Jeremy L. Dillon
RW Monitor
7/18/2014
Westinghouse Electric Company has successfully installed its new spent fuel pool level instrumentation system at the Tennessee Valley Authority’s Watts Bar nuclear plant, the company announced this week. Westinghouse developed the technology in response to regulations issued by the Nuclear Regulatory Commission following the disaster at the Fukushima-Daiichi nuclear station, in which a leak in the spent fuel pool resulted in a fire and further spread of contamination. “Declaration of the Westinghouse spent fuel pool instrumentation system as functional at Watts Bar represents a significant milestone for Westinghouse and the nuclear energy industry,” David Howell, senior vice president of Westinghouse’s Automation and Field Services, said in a statement. “This is one of the first Westinghouse post-Fukushima modifications to be installed and operational at a U.S. nuclear power plant. We look forward to supporting Westinghouse customers in meeting regulatory requirements through similar such installations, helping to ensure the continued safe, efficient and economic production of electricity.”

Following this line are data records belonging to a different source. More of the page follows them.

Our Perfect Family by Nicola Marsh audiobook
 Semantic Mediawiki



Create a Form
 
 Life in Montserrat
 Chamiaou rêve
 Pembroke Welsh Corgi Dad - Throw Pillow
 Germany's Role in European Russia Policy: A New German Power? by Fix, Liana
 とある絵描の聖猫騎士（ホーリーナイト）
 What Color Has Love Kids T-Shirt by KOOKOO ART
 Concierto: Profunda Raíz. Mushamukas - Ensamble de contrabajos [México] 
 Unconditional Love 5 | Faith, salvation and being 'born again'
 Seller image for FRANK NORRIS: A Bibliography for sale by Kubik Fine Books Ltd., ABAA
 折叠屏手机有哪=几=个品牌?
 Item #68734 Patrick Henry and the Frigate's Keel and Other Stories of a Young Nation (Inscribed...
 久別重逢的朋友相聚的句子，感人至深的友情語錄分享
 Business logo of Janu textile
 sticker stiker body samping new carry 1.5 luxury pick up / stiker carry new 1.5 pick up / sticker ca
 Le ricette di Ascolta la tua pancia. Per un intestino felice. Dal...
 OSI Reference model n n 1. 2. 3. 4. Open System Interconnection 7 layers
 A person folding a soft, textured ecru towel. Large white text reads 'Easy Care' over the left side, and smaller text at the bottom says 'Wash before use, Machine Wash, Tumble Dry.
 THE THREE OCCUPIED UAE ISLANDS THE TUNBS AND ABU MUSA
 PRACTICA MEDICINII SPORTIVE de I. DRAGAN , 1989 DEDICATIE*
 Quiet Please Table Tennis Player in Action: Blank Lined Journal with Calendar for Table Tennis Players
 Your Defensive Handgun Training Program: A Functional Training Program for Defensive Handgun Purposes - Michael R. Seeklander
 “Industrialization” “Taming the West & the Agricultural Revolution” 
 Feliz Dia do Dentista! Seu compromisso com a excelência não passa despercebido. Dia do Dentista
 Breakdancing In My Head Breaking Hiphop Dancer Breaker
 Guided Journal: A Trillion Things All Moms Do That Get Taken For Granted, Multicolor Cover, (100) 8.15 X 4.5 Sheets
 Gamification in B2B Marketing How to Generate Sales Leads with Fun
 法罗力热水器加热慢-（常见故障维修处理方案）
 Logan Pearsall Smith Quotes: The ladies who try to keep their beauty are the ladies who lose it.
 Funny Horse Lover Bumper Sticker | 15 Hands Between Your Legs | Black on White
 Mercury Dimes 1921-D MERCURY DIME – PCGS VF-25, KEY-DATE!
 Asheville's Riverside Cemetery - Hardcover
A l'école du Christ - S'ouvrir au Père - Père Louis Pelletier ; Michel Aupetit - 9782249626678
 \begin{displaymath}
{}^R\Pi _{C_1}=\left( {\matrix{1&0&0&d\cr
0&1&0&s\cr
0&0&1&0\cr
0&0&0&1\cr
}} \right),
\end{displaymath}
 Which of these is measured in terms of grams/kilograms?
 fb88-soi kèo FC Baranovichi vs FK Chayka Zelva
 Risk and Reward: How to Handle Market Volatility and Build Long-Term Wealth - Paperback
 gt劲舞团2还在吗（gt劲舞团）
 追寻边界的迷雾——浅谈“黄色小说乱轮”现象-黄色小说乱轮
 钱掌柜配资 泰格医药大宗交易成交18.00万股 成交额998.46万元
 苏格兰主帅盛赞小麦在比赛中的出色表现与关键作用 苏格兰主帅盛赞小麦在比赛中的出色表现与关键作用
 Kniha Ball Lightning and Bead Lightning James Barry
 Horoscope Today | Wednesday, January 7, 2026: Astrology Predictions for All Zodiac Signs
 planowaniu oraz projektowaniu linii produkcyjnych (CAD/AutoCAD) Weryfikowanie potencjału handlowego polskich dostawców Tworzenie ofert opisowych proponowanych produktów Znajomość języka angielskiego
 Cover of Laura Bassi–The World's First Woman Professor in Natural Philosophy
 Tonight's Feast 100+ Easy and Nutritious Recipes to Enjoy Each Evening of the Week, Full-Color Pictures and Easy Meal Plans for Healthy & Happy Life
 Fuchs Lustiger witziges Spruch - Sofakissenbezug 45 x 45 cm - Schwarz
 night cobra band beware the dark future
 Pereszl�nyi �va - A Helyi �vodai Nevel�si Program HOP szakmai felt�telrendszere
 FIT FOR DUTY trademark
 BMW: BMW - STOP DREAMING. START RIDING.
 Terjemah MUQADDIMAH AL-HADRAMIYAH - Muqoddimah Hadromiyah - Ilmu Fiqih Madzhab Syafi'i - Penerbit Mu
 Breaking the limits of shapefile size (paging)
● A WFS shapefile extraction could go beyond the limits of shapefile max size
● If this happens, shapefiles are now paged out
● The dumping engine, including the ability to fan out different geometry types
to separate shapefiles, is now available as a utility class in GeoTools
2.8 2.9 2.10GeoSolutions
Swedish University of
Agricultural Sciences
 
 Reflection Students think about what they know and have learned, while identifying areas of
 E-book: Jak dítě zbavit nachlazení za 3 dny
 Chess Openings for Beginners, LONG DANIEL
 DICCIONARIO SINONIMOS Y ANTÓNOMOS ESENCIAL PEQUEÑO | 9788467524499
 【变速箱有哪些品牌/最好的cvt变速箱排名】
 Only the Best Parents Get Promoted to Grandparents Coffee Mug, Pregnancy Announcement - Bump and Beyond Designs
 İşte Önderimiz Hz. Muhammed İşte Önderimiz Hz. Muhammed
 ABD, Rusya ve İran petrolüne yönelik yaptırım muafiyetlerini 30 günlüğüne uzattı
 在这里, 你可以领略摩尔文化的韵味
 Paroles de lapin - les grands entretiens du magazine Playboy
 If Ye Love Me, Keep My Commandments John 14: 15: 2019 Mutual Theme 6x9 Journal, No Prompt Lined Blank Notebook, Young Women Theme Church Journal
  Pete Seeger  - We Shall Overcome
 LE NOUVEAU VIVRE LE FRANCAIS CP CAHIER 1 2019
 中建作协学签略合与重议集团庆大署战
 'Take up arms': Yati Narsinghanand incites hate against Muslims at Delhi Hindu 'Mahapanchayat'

The technology uses a guided wave radar sensor to monitor the pool levels. According to the company, in the event of an emergency that causes an extended loss of AC power at a plant, the instrumentation system provides plant operators a way to monitor the water level in the pool to verify that the used fuel remains covered by water and appropriately cooled—something that could not be done at Fukushima. Westinghouse also said that it has contracts to deliver more than 90 other pool instrumentation system at plants across the United States, although they are at various stages of installation and testing. The installation of this system is one step in plants’ implementation of lessons-learned from Fukushima. The NRC required stations to implement mitigation strategies to maintain cooling pools in the face of an emergency or blackout for an extended time as well as requiring seismic and flood re-evaluations, among other things.